Oltre i Limiti, qui nasce l’inclusione sociale
TANTI PROGETTI. L’associazione nata nel 2022 da un’idea di Casali e Assi.
Qualcuno arriva per un corso, qualcuno lo ha appena concluso, qualcuno chiacchiera indicando il telefono, qualcun altro armeggia nella cucina allestita. Il clima è frizzante, gioviale, giovanile. È un microcosmo di storie, esperienze, percorsi, talenti. È qui, in via Serassi 13, la sede di Oltre i Limiti Ets, nata nel 2022 da un’idea di Norbert Casali e Simone Assi, allora poco più che ventenni. Esperto in Diversity Equity & Inclusion con una precedente carriera da atleta paralimpico di atletica leggera e paratriathlon, Casali è ora impegnato come educatore motorio nella promozione dell’equità. Assi, invece, è un esperto di nuove tecnologie, sistemi interattivi e realtà virtuale, e collabora attivamente con Ariella Vidach AiEP come consulente specializzato. Due percorsi diversi che si incontrano in un’idea comune: utilizzare metodologie all’avanguardia, educazione e creatività come strumenti per promuovere inclusione sociale. E così, «quella che all’inizio sembrava una follia», oggi è una realtà strutturata che coinvolge una trentina di persone tra collaboratori professionisti e volontari.
I destinatari delle proposte sono molto diversi fra loro: cooperative sociali, famiglie, scuole e altri enti di formazione, aziende ma anche singole persone che decidono di partecipare a eventi, serate informative, laboratori ed esperienze educative e motorie, «dove si parte sempre dalle capacità delle persone, e mai dalle diagnosi», afferma Casali. Accanto a tutto questo, Oltre i Limiti propone corsi di alfabetizzazione digitale e percorsi più avanzati che spaziano dalla modellazione 3D alla sperimentazione con realtà virtuale e tecnologie aptiche: «Vogliamo dare strumenti concreti - prosegue Casali -. Non solo attività laboratoriali, ma competenze che possano diventare spendibili anche nel mondo del lavoro». La tecnologia non è mai fine a se stessa: «È un mezzo, deve servire alle persone - spiega Assi -, essere accessibile e comprensibile. Il nostro lavoro è cercare di spostare sempre un po’ più su l’asticella di quello che è possibile fare».

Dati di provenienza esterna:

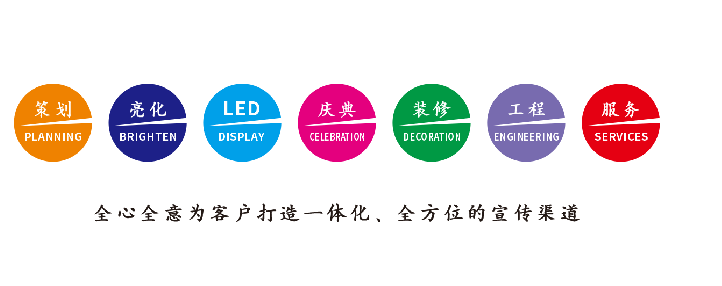  龙游广告公司该如何满足客户需求？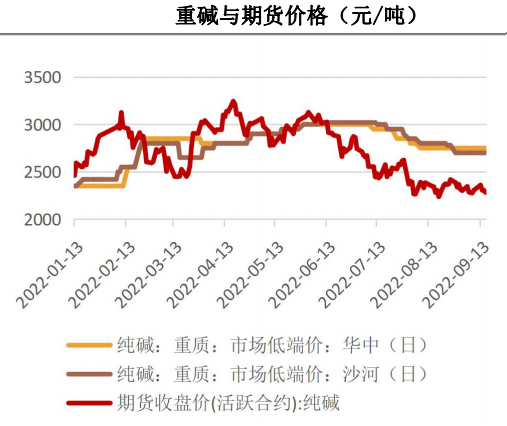 玻璃行情有望企稳 纯碱不改供需紧平衡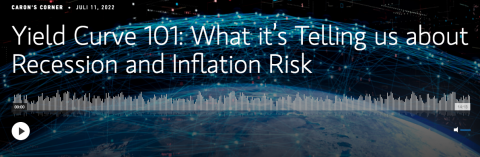 Morgan Stanley IM: Yield Curve 101 - What it’s Telling us about Recession and Inflation Risk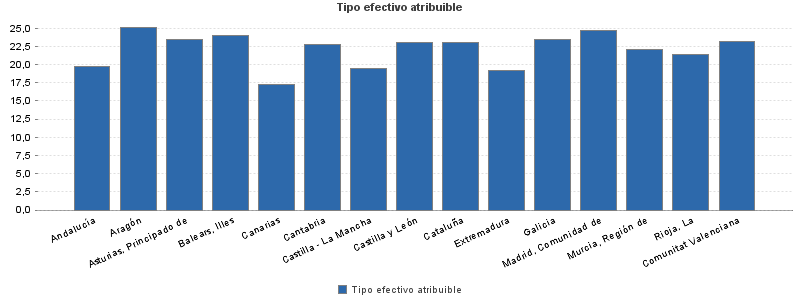 Tipo efectivo atribuible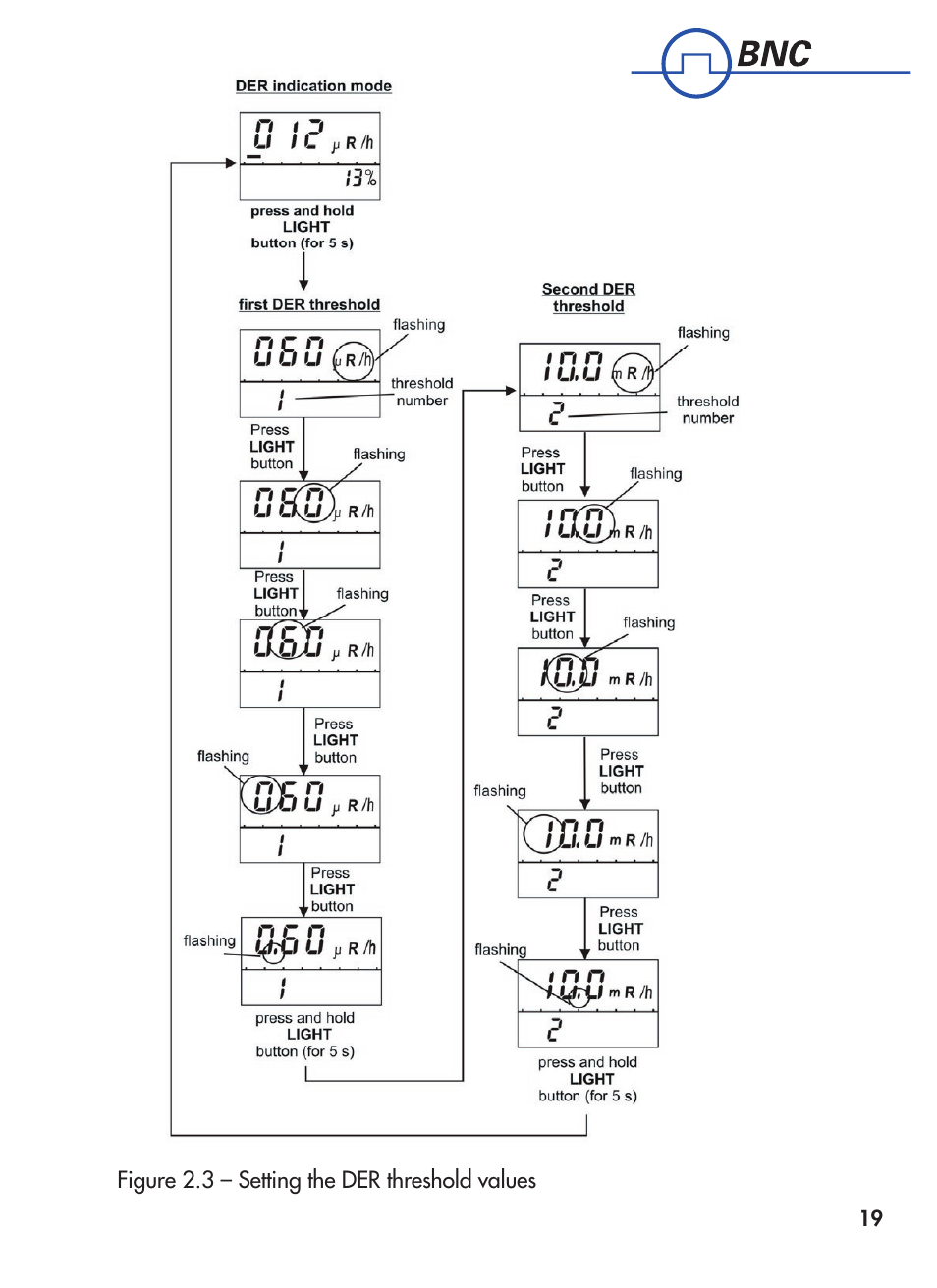 BNC 1621M User Manual | Page 20 / 27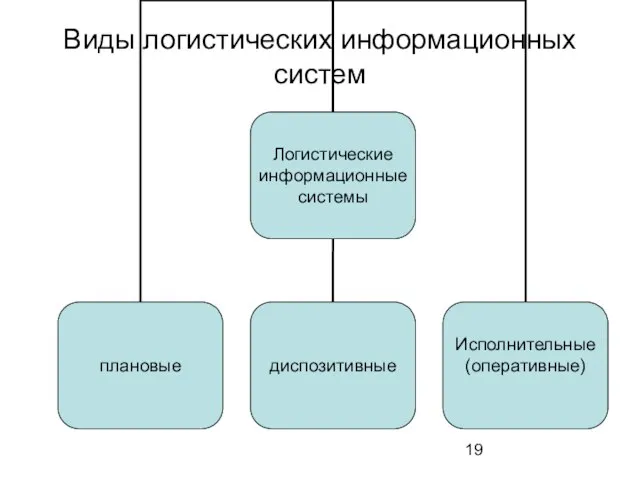 Виды логистических информационных систем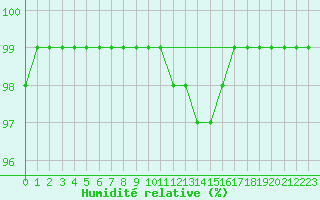 Courbe de l'humidit relative pour Turnu Magurele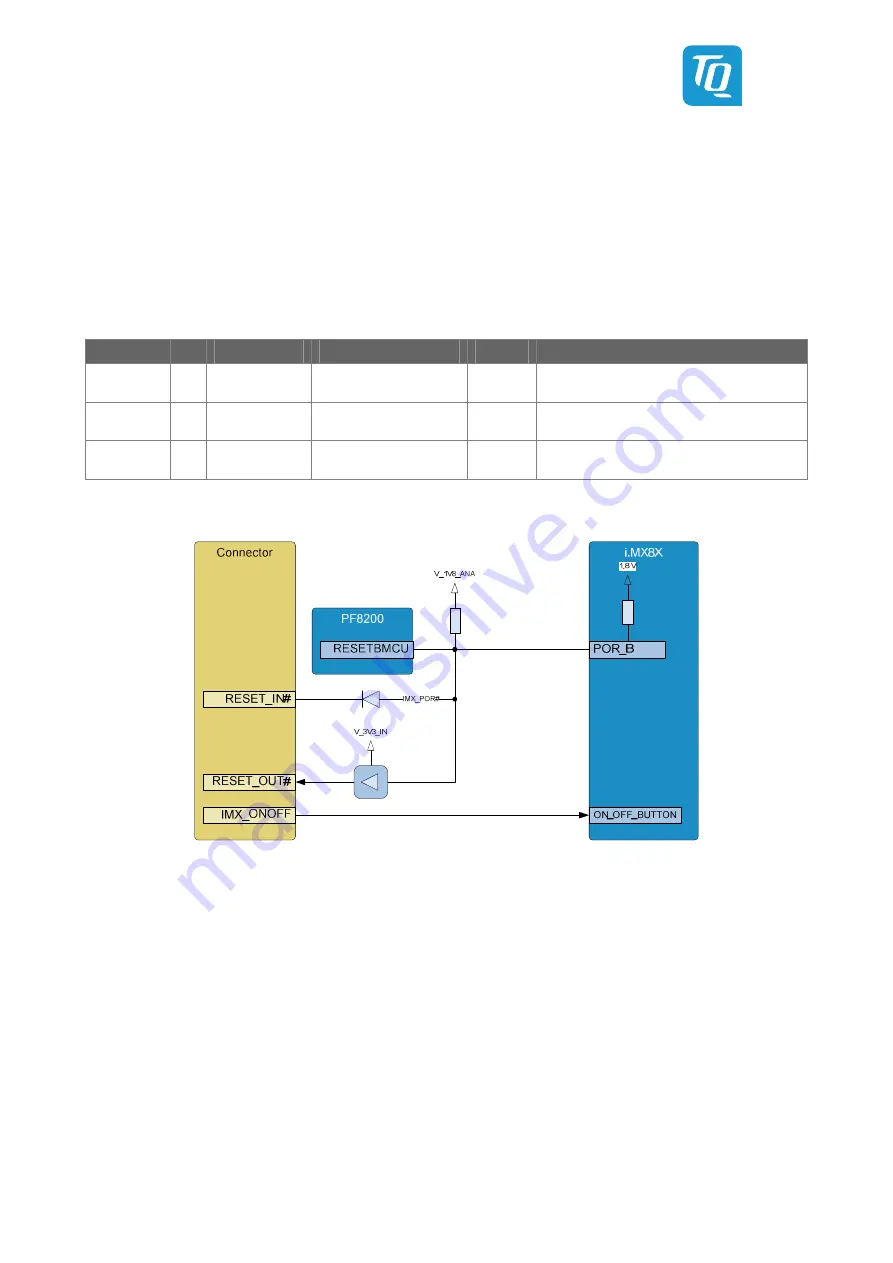 TQ-Systems TQMa8Xx Preliminary User'S Manual Download Page 18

Tanti i progetti realizzati con successo in questi anni. Fra gli altri c’è «Altrove, ma qui con te», che utilizza la realtà virtuale per portare esperienze immersive in contesti ospedalieri, nelle strutture di lunga degenza o a chi vive situazioni di isolamento prolungato: «L’idea è permettere, ad esempio, a pazienti e anziani di viaggiare virtualmente, partecipare ad attività creative e vivere la bellezza anche quando la mobilità è limitata», dice con semplicità Assi. E una nuova sfida è già alle porte: la gestione di alcuni spazi dello Spazio Polaresco in collaborazione con altre realtà associative del territorio. «Abbiamo – concludono - appena vinto il bando del Comune, l’idea è creare un luogo aperto e accessibile dove i giovani possano incontrarsi anche per costruire relazioni, cultura e inclusione».